Another lake, another time ... electrofishing it and found nothing but mostly grown green sunfish. Thousands and thousands of them. The landowner wanted to eradicate. But. I convinced him otherwise. Why not take these green sunfish, deemed "trash fish" by bass bluegill enthusiasts, and turn them into bass food? By that span, the early 90's, I had learned enough about green sunfish to understand there was no way they could keep the pace with bass. So, we stocked 12-14" young, vibrant largemouth into this fertile three acre pond. We also added 450 adult bluegills. We expected the bass to eradicate the greenies over three years and give the bluegill a chance, with their multiple spawns and heavy reproduction patterns. The second year, electrofishing showed bass had grown to 15-18" and green sunfish numbers had plummeted. We saw quite a few baby bluegill, but none in the intermediate size classes, yet. The third year told the tale. Very few greens, lots of sizes of bluegill and bass growing like gorillas on steroids.
Corrective stocking worked very well in this case.
Those are your choices. Stock and manage to correct the problem or eradicate and start over. If you sample your fishery and find stunted bass with no food, consider corrective stocking and a culling program.
If your findings indicate a fishery dominated by sizes or species of fish you don't want, consider eradicating.
The best advice is to think years beyond the action you take. That fishery is the way it is because of some valid reason. If it is poor because of mismanagement or no management, corrective stocking is a viable answer to solve the problem.
But, if the lake or pond is simply doing what it does because of its environment, think deeply about your actions. If you don't figure out the "problem" and solve it, you can eradicate and start over and over and over and lake will revert ... every time.

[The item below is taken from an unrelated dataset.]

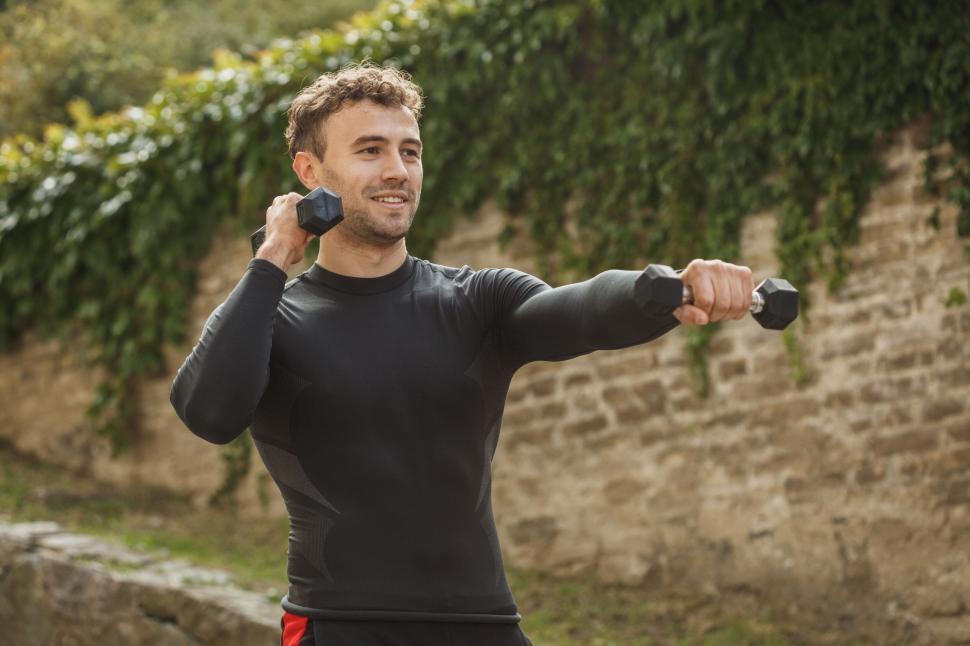 Free Image of Man exercising outdoors with weights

I'll always remember a lake in deep south Texas, near Laredo. It was full of carp. No one knew where they came from but each decision-maker, to the man, wanted to eradicate and start over. Just before we did the deed, a tropical storm made its way over the property and parked for three days. 12 inches of rain later, the guys were in awe of the power of that lake. Water rolled over the spillway, headed toward the Rio Grande, less than a mile away. They told the tale, "If we saw one huge carp, we saw hundreds, swimming upstream from the river, over the boiling spillway, straight into our lake.
About a year after the event, the guys brought in a bulldozer, widened the spillway and moved downstream about 200 yards, where they cut the spillway where the water would fall about three feet straight down. Then, they built an expanded metal fence across the cut. There was no way a carp could swim past the fence or up the waterfall.
Problem solved.
Then, we rotenoned the lake the following summer and restocked. Good decision. To this day, that lake is well known for its bass.
The moral to this story? Think deeply about your decision to eradicate or correct by restocking or management. You can find out the "problem" if you dig deep enough.